The United States remains the leading donor to the Global Fund, 2016 research by the American health organisation, the Kaiser Family Foundation, stated.
The inability of smaller, more grassroots bodies to access Global Fund money directly because of the fund’s reporting requirements (also cited by Letsike at the press conference) has been a long-standing critique of its funding, 2012 research by the Open Society Foundations showed.
At the conference, Letsike, who also chairs the civil society forum, had stern words for members of the forum who had concerns about the plan and who accused her of denying alleged conflicts of interest involving her media company: “Either you join us, or you move on.”
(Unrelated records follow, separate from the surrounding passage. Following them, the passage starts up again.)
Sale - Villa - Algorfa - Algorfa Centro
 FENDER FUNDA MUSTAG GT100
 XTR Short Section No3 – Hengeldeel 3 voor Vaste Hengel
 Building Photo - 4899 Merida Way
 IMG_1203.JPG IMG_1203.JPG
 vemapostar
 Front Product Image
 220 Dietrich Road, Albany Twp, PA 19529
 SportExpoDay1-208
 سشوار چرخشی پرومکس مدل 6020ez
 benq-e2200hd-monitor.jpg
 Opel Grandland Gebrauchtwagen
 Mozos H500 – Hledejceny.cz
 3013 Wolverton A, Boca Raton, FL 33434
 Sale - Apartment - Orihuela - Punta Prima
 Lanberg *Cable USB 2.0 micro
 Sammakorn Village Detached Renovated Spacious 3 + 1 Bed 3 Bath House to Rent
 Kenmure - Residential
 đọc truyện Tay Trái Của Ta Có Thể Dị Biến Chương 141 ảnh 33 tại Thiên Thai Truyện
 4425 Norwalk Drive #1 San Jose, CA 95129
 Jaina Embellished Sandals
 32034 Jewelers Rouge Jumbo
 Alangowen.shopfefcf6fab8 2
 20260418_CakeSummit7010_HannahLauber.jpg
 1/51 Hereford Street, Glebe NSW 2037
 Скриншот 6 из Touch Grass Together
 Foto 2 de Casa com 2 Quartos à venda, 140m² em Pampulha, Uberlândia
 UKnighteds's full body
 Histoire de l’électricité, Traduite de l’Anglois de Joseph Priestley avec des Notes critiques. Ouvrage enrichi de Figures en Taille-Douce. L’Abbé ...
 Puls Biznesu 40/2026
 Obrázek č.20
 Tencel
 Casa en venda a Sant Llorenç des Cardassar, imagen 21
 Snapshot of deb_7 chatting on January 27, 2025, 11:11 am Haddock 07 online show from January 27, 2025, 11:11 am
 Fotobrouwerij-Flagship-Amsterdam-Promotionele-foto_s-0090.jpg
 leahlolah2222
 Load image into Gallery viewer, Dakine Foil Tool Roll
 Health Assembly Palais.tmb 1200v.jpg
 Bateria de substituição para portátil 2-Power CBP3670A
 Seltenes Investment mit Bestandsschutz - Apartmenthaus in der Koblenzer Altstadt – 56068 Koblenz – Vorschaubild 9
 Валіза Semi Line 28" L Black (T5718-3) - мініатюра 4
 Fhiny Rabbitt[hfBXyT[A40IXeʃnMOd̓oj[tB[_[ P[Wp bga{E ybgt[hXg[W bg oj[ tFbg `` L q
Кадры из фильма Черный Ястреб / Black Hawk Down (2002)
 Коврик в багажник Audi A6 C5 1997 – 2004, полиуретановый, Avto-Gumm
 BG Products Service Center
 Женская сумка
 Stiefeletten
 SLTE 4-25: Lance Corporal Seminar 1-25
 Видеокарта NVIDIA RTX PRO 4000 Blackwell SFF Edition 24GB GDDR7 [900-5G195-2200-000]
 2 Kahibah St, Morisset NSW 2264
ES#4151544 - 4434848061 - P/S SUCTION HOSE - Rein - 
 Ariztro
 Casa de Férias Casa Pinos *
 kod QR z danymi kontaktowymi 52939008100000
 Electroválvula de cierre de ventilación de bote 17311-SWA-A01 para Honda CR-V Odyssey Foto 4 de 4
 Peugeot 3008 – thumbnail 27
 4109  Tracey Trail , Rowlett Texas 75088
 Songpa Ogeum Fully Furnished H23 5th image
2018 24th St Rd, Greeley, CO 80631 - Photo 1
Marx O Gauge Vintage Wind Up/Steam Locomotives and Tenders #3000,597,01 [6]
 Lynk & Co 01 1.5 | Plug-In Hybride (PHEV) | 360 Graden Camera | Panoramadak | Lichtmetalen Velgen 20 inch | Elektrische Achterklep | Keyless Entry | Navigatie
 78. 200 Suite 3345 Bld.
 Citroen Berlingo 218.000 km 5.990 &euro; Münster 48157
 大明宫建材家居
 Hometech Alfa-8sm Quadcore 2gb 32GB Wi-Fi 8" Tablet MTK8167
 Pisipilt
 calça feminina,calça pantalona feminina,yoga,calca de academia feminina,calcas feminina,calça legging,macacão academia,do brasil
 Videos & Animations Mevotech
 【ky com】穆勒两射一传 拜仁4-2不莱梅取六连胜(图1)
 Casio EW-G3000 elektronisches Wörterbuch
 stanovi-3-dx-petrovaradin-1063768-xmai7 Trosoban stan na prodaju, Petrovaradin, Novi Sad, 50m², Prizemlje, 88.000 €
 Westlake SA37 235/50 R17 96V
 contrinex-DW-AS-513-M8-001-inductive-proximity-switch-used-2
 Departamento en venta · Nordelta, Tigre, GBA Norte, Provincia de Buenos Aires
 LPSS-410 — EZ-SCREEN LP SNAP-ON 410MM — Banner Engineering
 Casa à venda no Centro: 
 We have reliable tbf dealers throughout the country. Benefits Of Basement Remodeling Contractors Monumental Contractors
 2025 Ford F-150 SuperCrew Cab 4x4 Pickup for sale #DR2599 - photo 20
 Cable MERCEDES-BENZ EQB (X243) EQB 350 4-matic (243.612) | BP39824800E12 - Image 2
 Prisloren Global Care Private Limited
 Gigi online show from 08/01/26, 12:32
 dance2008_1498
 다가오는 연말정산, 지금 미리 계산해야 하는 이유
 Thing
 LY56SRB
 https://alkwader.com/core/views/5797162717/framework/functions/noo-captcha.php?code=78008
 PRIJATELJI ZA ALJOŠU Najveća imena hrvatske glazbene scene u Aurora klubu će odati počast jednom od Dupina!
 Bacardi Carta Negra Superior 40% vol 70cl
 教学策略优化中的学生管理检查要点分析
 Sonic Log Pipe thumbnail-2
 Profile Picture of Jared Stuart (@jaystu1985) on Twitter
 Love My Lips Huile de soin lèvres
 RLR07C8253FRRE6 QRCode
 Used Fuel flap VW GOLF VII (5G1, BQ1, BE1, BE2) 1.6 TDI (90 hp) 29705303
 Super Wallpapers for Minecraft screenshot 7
The meeting was also the first time the national HIV body admitted that it, not Cabinet, had cut the call for the decriminalisation of sex work – a hallmark of HIV plans in the last decade – from the final draft. This followed weeks of outrage over the omission from many activists.
Will competition for resources fuel tensions?
A scarcity of funding for HIV organisations was mentioned by several speakers at the memorial. Also, the scramble for resources between organisations, that may in part be fuelling divisions within civil society, and is likely to intensify. Pepfar plans, as well as the newest national HIV plan, call for more money to be invested in fewer, but high impact, projects. Both plans also suggest that money should largely be spent in high HIV prevalence areas – 27 to be exact.
Organisations not working in these districts may face a tougher time accessing funding through the usual large-scale funders.
Journalist Lucky Mazibuko also disclosed his HIV-positive status early on in South Africa’s HIV struggle and joined fellow HIV activist Zackie Achmat in refusing to take treatment until it was available to all South Africans.
But Mazibuko found himself on oxygen for the third time, he also found Mabele in his living room: “She said, ‘Lucky, you fought a good fight. We need you alive. It’s time that you take treatment and show people this treatment works.’”
Mazibuko concluded: “In all my life as a columnist at the Sowetan, the one thing I have bemoaned is the disunity that exists within the HIV movement. There is strength in unity. In everything Prudence and I did, it was our people who were first and foremost in our minds.”